Sometimes things living at the park got very lonely and I had a lot of time by myself, it got dark early, being winter and for the most of December I lived in the desert alone. I tried to keep a positive attitude knowing that I lived on a national park. But it was very hard, my first time that far away from home, away from friends (having just recently graduated), and away from my boyfriend who now lived back in England. I saw black widows, I saw rattlesnakes, but I also saw migrating ducks in a well that was filled with over 2 million gallons of water daily from an underground spring. I’m glad I had this experience and would recommend it to anyone, I miss my friends dearly, but I know I am on the path to something amazing.
It’s hard not to post a million photos here because Orcas Island is one of the most beautiful places I have ever lived. I moved there in the spring of 2012 on my next environmental job venture. I went from living by myself working with a handful of older park rangers to working with 30 other people in their 20’s sharing a house with 9 others. My roomates there Hannah and Allison became really great friends of mine and helped me keep sanity throughout it all. 40+ hour workweeks with young teens trying to get across information about the oceans, the forests, themselves all while trying to learn about those things myself. The two springs there I did some of the most growing I have ever done.
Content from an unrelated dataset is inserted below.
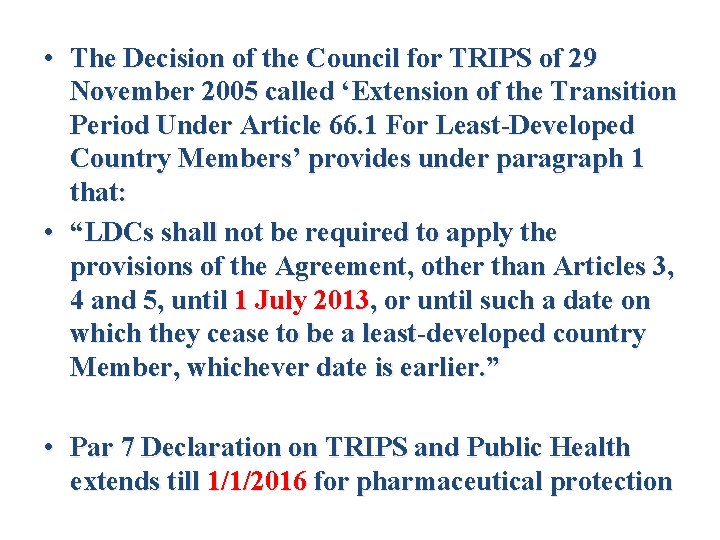  • The Decision of the Council for TRIPS of 29 November 2005 called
I stepped out of my comfort zone and into my challenge zone, and I’ve yet to go back.
Funyaking, because Kayaking required self rescue in the 40F degree ocean, and I was fine without having to leave the bay.
It’s fun to have a day off from the YMCA
Tiny invertebrates everywhere, larger ones too. I will most likely post on the blog about them at some point.
And then I saw Orca whales May of 2013 and my life up to that point was complete
Between seasons of doing outdoor environmental education I went and lived in England for 2 months. Some of my favorite times have been in Sheffield. Tom and I shared a one room bedsit and that’s when we really knew we could be together forever. Long distance is so hard, and there are ups and downs just as any relationship has, but the times we are happy together are literally the happiest I have ever been. I’ll learn from the hard times and forever float in the mushy ocean of our love.
I think this might be the moment when I realized most things in life will be hard, but you just have to put on a brave face and look at them in the most positive way you can. Looking back on everything I’ve done, it was always hard, but I have fond memories. Enjoy/live in the present, be thankful for the past, and always stay hopeful/excited for the future, but always try your hardest to love where you are. “Wherever you go, go with all of your heart.” (okay this photo isn’t really when I realized that, but it works)
summer house, beautiful lighting
summer house, dream nook
and here I am now, it’s taken me awhile to find a place I can call home in Seattle and I have felt downright sad for too long now. I’m going to hold my chin up, put on a smile and take my own advice to just be okay with where I am, maybe even happy.